Photo Credit: Greg Schaler / FEMA Photo Library / Wikimedia

WHO: Michael Brown, the disgraced head of FEMA during Hurricane Katrina

WHAT: The real story of how and why this hopelessly unqualified individual was placed in this sensitive post

WHY: A web of self-interest, undergirded by a philosophical contempt for government and the governed.
In the second part of this series, which you can read here, we discussed the origins of the partnership between Joe Allbaugh and Michael “Brownie” Brown, that ultimately contributed to the needless suffering of thousands of New Orleans residents.
BELOW: PART 3
Bush’s Enforcer
“The official story is that Bush’s gubernatorial campaign lacked a strong hand at the tiller.

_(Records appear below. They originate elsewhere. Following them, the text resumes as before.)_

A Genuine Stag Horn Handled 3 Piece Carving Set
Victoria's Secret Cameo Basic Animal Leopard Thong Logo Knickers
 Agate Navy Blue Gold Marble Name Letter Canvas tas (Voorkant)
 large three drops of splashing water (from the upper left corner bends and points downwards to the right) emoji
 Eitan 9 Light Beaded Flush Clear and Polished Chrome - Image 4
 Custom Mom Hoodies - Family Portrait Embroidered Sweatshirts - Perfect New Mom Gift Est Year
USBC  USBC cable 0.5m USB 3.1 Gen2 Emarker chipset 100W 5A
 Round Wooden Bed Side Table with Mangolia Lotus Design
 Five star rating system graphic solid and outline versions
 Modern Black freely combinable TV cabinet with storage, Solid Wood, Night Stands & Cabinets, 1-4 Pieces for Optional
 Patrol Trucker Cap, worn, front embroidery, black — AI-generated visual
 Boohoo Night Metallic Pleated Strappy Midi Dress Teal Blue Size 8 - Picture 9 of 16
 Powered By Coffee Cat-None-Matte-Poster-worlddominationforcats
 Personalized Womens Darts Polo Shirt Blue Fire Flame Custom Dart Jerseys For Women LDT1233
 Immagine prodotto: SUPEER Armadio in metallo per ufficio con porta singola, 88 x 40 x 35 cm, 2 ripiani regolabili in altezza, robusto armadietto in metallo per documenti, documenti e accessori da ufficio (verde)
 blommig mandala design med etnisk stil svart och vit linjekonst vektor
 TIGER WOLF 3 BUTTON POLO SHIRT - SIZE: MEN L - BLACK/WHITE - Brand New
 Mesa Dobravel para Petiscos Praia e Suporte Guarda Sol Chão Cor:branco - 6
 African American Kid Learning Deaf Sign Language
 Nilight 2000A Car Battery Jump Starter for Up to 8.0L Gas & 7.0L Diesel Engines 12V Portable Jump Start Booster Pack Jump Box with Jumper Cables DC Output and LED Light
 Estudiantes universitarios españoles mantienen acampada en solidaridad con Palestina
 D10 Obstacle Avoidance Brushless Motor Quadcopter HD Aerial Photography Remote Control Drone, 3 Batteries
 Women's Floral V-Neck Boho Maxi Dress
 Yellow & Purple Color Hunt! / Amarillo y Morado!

Joe Allbaugh was seen as just the man … “He said he’d been involved in campaigns in 37 states by the time he got to Bush,” according to a political columnist for the Austin American-Statesman.
Whether that was literally true seemed less important than the ties Allbaugh had to Bush’s father. George H. W. Bush had an eye for problems that might sneak up on his kids — and for identifying people who could make the problems go away. (The elder Bush’s office did not reply to a request for an interview.)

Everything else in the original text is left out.